* EXERCISE BRIEF *
Whatever runs from the line with "AUTHENTIC TROPHY Scheintasche, RFID-Schutz, braun" to the end of the records below must be copied exactly, with nothing else included.

* LISTED RECORDS *
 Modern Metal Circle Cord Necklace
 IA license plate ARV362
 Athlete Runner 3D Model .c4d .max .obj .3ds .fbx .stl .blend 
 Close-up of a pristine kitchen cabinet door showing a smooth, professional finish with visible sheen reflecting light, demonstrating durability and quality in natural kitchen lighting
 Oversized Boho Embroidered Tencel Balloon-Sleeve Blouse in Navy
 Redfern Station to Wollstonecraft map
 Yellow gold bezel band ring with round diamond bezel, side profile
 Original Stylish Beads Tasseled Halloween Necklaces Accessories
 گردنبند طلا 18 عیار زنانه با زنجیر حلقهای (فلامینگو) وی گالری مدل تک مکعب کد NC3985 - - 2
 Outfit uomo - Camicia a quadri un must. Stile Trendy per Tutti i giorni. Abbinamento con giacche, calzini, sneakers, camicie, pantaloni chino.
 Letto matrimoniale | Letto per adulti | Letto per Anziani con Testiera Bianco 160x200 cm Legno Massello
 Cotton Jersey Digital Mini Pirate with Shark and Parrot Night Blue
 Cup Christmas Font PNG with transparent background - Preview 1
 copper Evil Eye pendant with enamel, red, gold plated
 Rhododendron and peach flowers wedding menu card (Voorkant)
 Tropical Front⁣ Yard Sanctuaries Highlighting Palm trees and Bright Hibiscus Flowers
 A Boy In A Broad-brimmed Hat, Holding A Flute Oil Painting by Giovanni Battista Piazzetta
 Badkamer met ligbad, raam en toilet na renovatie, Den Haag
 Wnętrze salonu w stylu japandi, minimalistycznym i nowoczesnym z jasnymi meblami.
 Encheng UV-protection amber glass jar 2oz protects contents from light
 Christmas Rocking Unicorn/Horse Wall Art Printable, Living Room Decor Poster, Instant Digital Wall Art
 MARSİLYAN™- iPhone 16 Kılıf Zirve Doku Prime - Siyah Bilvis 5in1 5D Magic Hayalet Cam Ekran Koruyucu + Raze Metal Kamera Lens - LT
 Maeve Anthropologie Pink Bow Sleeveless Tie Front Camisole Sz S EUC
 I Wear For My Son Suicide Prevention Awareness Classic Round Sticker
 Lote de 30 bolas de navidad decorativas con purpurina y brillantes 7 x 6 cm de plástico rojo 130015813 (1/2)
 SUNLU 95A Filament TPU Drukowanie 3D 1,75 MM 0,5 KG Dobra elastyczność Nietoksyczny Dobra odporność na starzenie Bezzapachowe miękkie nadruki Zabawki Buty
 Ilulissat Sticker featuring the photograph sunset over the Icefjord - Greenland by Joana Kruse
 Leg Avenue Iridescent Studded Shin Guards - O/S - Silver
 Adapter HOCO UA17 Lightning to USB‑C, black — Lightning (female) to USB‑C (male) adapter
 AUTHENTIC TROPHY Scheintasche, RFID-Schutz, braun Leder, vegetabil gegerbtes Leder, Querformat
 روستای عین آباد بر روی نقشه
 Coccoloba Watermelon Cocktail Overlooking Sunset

* SOLUTION TO THIS EXERCISE *
 AUTHENTIC TROPHY Scheintasche, RFID-Schutz, braun Leder, vegetabil gegerbtes Leder, Querformat
 روستای عین آباد بر روی نقشه
 Coccoloba Watermelon Cocktail Overlooking Sunset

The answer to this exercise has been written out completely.